### Exercise directions
In the records that follow, find each line with "Robot" and pull it out.
━━━ Material for this task ━━━
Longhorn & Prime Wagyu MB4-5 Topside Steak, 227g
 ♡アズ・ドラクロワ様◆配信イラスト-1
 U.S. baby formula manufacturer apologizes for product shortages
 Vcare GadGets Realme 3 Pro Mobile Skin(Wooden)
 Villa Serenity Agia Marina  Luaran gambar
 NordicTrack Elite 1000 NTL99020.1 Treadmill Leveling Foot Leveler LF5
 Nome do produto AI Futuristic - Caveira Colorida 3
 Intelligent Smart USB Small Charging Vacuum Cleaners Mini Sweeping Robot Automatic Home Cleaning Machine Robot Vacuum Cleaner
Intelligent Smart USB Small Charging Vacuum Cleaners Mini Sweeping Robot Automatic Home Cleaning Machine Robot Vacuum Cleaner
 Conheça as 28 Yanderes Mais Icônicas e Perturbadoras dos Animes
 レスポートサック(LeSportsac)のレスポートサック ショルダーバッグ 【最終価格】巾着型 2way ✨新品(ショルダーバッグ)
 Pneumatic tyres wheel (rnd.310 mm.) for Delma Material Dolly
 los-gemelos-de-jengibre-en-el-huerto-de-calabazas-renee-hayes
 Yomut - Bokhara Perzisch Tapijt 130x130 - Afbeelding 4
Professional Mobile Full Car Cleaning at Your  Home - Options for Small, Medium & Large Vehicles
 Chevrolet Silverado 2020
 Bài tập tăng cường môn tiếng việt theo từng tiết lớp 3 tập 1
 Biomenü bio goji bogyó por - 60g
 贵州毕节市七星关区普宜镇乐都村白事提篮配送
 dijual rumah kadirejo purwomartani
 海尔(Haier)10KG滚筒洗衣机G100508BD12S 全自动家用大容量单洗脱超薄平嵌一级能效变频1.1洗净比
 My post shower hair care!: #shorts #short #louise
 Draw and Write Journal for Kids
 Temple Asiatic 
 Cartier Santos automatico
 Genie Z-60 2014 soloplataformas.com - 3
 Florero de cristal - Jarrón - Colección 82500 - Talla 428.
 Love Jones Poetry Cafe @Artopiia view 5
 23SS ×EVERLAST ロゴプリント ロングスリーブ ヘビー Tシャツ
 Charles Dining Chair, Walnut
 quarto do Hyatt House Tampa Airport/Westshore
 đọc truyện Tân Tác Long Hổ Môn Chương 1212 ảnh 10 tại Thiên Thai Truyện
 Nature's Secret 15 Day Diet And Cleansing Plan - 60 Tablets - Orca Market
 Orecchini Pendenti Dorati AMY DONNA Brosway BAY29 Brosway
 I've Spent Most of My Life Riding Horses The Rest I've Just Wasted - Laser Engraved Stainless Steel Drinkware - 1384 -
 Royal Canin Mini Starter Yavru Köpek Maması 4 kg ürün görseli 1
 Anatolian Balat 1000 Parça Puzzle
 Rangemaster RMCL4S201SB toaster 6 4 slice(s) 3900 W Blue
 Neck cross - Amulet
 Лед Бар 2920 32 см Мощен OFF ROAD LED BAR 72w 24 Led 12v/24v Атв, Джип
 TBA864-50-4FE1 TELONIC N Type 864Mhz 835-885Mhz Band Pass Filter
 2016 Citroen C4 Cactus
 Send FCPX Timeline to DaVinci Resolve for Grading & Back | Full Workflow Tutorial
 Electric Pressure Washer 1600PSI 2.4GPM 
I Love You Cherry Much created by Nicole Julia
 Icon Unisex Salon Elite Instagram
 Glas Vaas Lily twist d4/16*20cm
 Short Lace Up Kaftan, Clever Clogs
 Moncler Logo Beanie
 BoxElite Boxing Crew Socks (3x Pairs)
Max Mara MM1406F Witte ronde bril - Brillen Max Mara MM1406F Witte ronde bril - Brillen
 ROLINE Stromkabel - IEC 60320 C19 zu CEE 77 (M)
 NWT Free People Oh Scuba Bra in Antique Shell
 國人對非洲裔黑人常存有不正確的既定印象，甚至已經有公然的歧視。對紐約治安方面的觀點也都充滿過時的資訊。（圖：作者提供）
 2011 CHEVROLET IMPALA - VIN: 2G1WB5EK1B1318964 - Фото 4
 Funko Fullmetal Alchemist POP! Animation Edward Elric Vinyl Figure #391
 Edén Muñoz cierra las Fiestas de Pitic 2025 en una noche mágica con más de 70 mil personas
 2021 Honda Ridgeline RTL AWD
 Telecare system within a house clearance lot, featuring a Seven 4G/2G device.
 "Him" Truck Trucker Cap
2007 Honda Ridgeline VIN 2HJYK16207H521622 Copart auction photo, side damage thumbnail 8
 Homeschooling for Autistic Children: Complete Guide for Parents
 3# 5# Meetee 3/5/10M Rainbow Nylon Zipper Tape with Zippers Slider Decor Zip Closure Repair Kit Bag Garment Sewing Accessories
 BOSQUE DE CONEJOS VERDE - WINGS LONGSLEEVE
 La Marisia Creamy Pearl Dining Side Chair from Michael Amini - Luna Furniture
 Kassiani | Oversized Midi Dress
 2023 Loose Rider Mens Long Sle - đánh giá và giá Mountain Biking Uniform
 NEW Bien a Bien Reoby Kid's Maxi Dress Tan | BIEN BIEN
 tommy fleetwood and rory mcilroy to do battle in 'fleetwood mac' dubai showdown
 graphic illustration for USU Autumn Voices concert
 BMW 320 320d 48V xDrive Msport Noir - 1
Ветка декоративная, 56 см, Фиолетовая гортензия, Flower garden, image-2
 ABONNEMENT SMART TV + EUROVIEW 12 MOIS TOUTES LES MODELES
━━━
### Exercise output
 Intelligent Smart USB Small Charging Vacuum Cleaners Mini Sweeping Robot Automatic Home Cleaning Machine Robot Vacuum Cleaner
Intelligent Smart USB Small Charging Vacuum Cleaners Mini Sweeping Robot Automatic Home Cleaning Machine Robot Vacuum Cleaner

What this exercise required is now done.